L’importanza di Pasini sta nell’aver ritratto mondi pressoché sconosciuti in ambito europeo. Differenziandosi dai cosiddetti orientalistes en chambre che “[…] non avevano mai visto i luoghi che dipingevano […]”, la sua figura viene considerata quella di precursore dei nostri fotoreporter, come appare dai saggi all’interno del catalogo che accompagna la mostra. Alcuni dei suoi dipinti ad olio, talora di dimensioni rilevanti, fanno infatti pensare a foto grandangolari, in cui l’artista tenta di far entrare spazi immensi e lontani, scene di transumanza, di guerra, di mercati, di vita cittadina, passaggi di carovane o, ancora, raffigurazioni di pregevoli esempi architettonici.

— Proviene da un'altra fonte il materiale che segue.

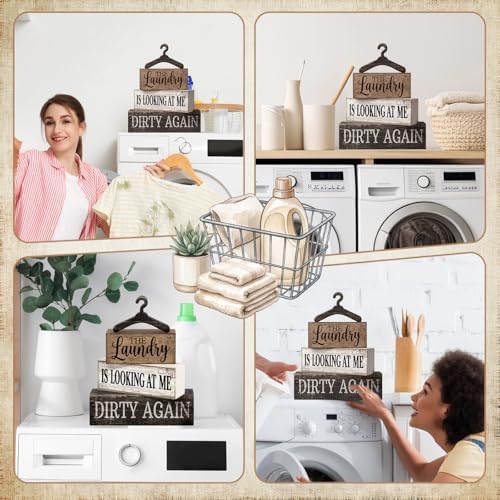 Moucuny 4 Pcs Farmhouse Laundry Room Decor and Accessories Stacked Blocks - Image 5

L’occhio si perde all’infinito a scrutare orizzonti luminosi e la mente immagina atmosfere incandescenti e calure insopportabili.

Nell’ultimo saggio all’interno del catalogo, Cyrille Sciama contrappone “Alberto Pasini e Jean-Léon Gérôme, due orientalisti rivali”. Citando J. Coupeau, egli concorda che il primo “è reale, vivo. Arricchisce, attraverso la verosimiglianza, la nostra concezione del mondo […] Al contrario, Gérôme è alla ricerca permanente del bello […]”. Entrambi del tutto dimenticati nel corso del XX secolo, furono riscoperti negli anni settanta e le loro opere esposte in importanti musei americani.

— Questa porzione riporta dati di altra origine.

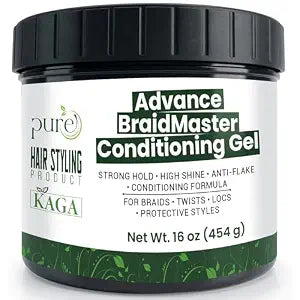 KAGA BraidMaster Conditioning Gel – Strong Hold Braiding Gel for Twists, Locs & Edges | No Flakes, No Crunch, High Shine | For Thick, Coarse & Textured Hair | 16oz Salon Size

La loro fama in vita fu, invece, amplificata grazie alla stretta collaborazione con il mercante d’arte Alfred Goupil, per la cui Maison Pasini fece passare circa trecento dei suoi quasi mille quadri.

Per tornare al quesito iniziale, l’impressione di chi scrive è che il mondo rappresentato visivamente da Pasini offra stimoli importanti alla ricerca di una difficile conoscenza del composito mondo del sol levante, laddove il bisogno che albergava nell’occidente negli anni sessanta fosse più il frutto di una convenzionale e quasi rassegnata adesione al mito di un Oriente tutto purezza e spiritualità.